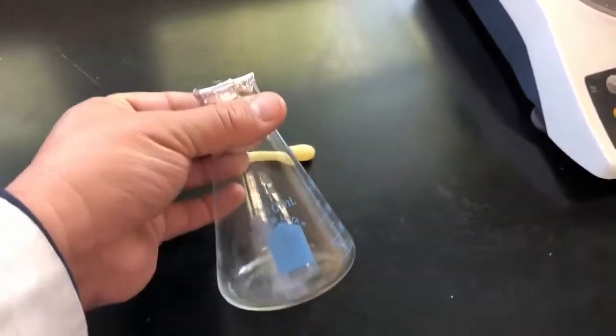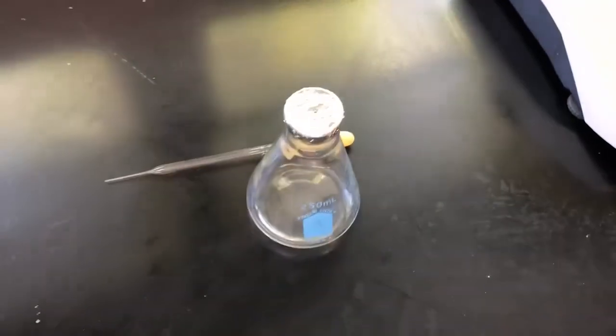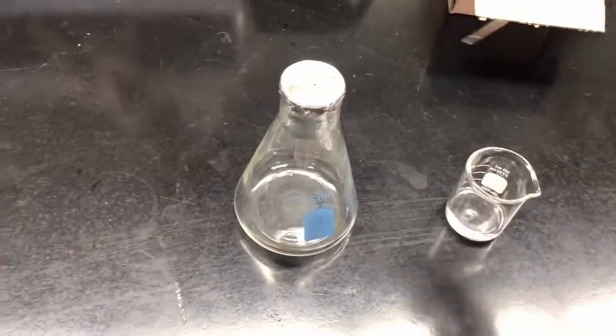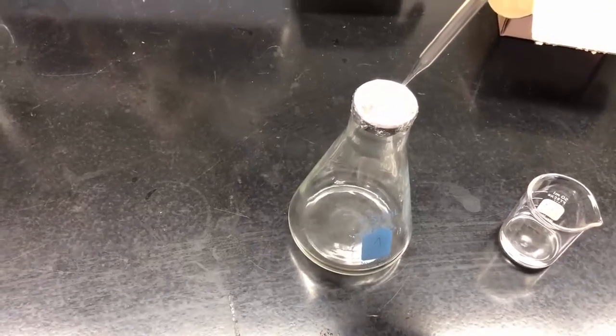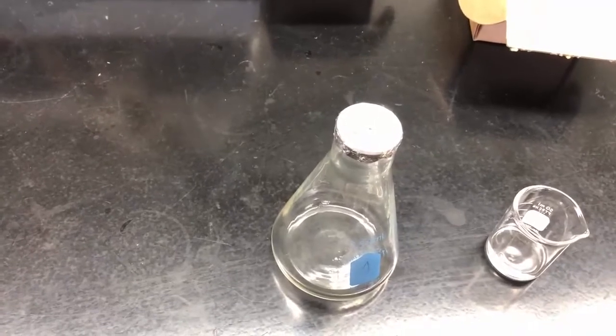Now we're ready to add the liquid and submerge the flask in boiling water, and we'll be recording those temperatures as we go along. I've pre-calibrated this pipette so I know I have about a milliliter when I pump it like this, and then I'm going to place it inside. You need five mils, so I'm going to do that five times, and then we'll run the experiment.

+-------+

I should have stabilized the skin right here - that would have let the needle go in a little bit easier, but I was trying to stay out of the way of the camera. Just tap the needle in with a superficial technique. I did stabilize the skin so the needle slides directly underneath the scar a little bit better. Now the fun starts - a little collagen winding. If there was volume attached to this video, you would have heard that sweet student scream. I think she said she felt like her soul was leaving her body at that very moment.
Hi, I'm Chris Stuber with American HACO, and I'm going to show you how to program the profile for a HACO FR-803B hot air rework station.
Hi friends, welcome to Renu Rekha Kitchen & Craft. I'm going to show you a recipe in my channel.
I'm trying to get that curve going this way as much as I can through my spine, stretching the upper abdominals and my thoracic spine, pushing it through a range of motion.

+-------+

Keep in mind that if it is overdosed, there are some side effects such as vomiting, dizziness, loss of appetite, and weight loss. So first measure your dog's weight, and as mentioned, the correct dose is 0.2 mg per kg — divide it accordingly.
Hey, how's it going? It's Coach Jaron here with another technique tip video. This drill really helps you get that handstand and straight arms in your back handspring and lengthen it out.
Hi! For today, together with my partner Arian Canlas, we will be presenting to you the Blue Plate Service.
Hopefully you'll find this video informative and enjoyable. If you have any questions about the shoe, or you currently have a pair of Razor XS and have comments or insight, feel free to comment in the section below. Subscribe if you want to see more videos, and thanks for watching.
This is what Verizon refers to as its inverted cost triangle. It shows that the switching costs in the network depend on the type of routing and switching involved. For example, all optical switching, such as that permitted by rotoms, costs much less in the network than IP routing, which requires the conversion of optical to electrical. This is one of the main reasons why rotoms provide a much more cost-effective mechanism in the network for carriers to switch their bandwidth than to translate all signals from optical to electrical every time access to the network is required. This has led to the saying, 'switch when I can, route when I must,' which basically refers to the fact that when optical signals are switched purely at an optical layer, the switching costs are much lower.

+-------+

What the exercise asks: Within the material above, show every line that includes "your".

Answer below:
Keep in mind that if it is overdosed, there are some side effects such as vomiting, dizziness, loss of appetite, and weight loss. So first measure your dog's weight, and as mentioned, the correct dose is 0.2 mg per kg — divide it accordingly.
Hey, how's it going? It's Coach Jaron here with another technique tip video. This drill really helps you get that handstand and straight arms in your back handspring and lengthen it out.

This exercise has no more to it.